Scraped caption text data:

== Segment start ==

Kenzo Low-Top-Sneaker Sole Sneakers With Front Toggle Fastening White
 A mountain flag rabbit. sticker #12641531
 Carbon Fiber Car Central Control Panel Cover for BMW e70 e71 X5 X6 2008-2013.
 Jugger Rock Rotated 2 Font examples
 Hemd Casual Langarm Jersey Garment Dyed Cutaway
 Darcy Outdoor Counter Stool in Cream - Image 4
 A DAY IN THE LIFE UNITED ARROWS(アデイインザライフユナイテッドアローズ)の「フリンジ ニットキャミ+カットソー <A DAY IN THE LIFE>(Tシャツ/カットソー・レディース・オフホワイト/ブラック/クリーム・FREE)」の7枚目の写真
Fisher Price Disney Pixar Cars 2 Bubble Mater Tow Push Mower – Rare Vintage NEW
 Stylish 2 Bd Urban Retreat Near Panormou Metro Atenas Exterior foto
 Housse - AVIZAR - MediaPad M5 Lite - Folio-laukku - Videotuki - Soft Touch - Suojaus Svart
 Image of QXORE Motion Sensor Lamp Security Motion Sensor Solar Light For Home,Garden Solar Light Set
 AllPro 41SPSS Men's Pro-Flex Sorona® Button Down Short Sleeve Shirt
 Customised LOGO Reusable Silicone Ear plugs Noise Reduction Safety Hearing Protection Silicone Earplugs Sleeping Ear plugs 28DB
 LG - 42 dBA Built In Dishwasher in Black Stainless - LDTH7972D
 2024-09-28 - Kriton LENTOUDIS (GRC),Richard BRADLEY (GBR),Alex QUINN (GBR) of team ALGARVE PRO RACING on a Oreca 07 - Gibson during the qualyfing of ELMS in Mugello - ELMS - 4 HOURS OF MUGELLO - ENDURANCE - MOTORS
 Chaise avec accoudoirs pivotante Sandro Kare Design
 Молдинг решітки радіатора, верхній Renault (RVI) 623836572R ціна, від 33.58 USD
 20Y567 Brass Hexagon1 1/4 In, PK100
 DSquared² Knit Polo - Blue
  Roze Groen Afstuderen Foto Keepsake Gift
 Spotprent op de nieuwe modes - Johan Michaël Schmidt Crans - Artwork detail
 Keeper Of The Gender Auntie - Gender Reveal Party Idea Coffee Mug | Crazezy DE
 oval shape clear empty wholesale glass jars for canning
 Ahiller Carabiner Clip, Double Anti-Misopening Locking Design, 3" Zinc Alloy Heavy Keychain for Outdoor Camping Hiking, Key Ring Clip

== Segment end ==

PROBLEM TO WORK ON -
Print exactly the lines between the line with "Chaise avec accoudoirs" and the final line of the records above, both included.

EXERCISE SOLUTION -
 Chaise avec accoudoirs pivotante Sandro Kare Design
 Молдинг решітки радіатора, верхній Renault (RVI) 623836572R ціна, від 33.58 USD
 20Y567 Brass Hexagon1 1/4 In, PK100
 DSquared² Knit Polo - Blue
  Roze Groen Afstuderen Foto Keepsake Gift
 Spotprent op de nieuwe modes - Johan Michaël Schmidt Crans - Artwork detail
 Keeper Of The Gender Auntie - Gender Reveal Party Idea Coffee Mug | Crazezy DE
 oval shape clear empty wholesale glass jars for canning
 Ahiller Carabiner Clip, Double Anti-Misopening Locking Design, 3" Zinc Alloy Heavy Keychain for Outdoor Camping Hiking, Key Ring Clip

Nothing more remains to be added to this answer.